- PROVIDED DATA:
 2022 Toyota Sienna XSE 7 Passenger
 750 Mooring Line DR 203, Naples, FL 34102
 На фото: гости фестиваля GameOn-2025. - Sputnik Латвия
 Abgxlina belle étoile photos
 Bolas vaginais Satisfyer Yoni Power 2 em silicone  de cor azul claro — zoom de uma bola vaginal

* * *

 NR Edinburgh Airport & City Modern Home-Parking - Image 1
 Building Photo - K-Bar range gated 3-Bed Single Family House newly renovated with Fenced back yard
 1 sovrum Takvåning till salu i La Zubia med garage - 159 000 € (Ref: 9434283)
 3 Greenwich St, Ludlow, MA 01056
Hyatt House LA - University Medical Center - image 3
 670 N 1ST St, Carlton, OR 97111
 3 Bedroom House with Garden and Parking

...

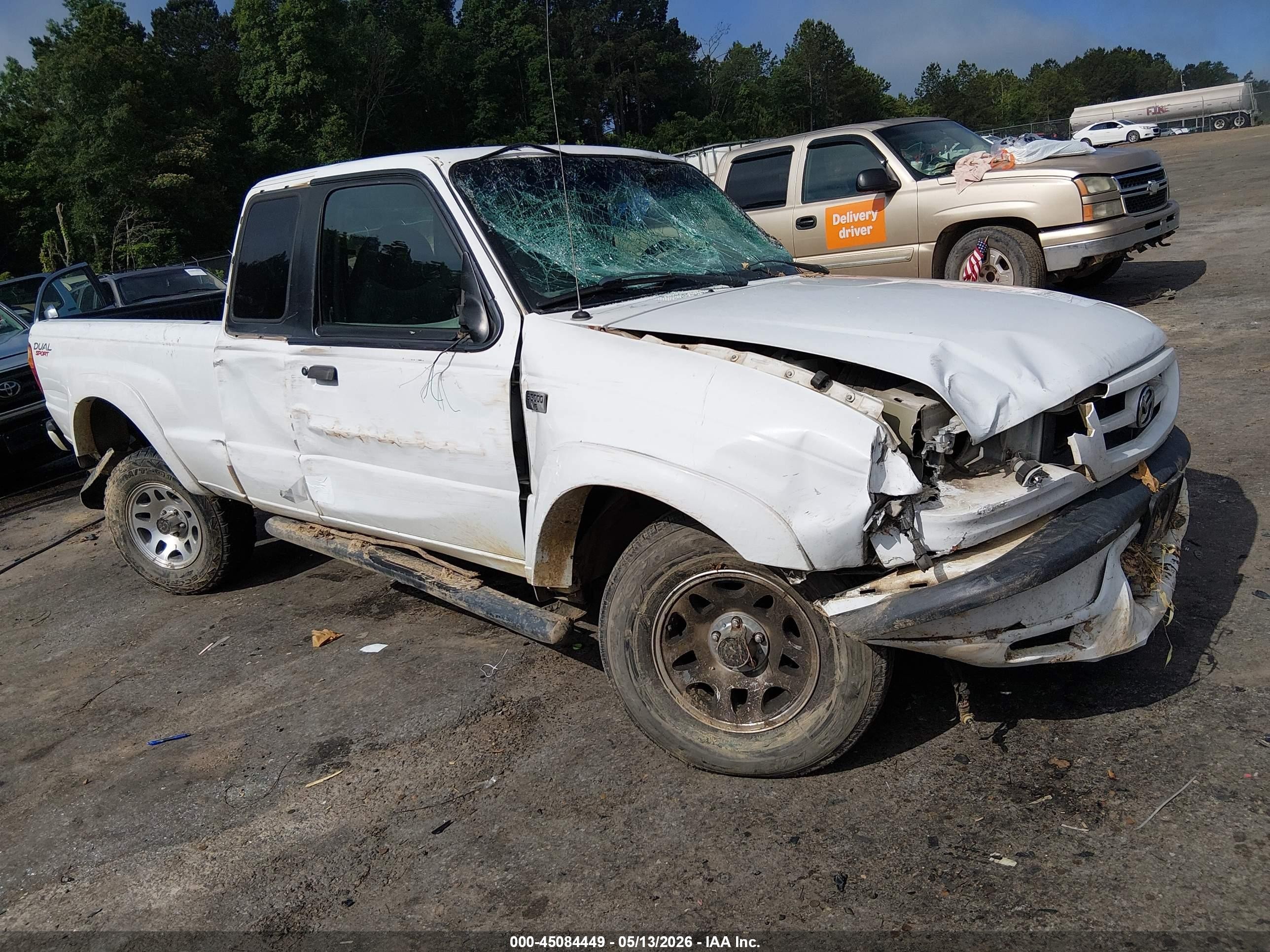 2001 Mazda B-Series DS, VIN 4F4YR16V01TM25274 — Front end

- BRIEF: Wherever the string "Parking" appears in the entries above, return the line it appears on.

- ANSWER SECTION:
 NR Edinburgh Airport & City Modern Home-Parking - Image 1
 3 Bedroom House with Garden and Parking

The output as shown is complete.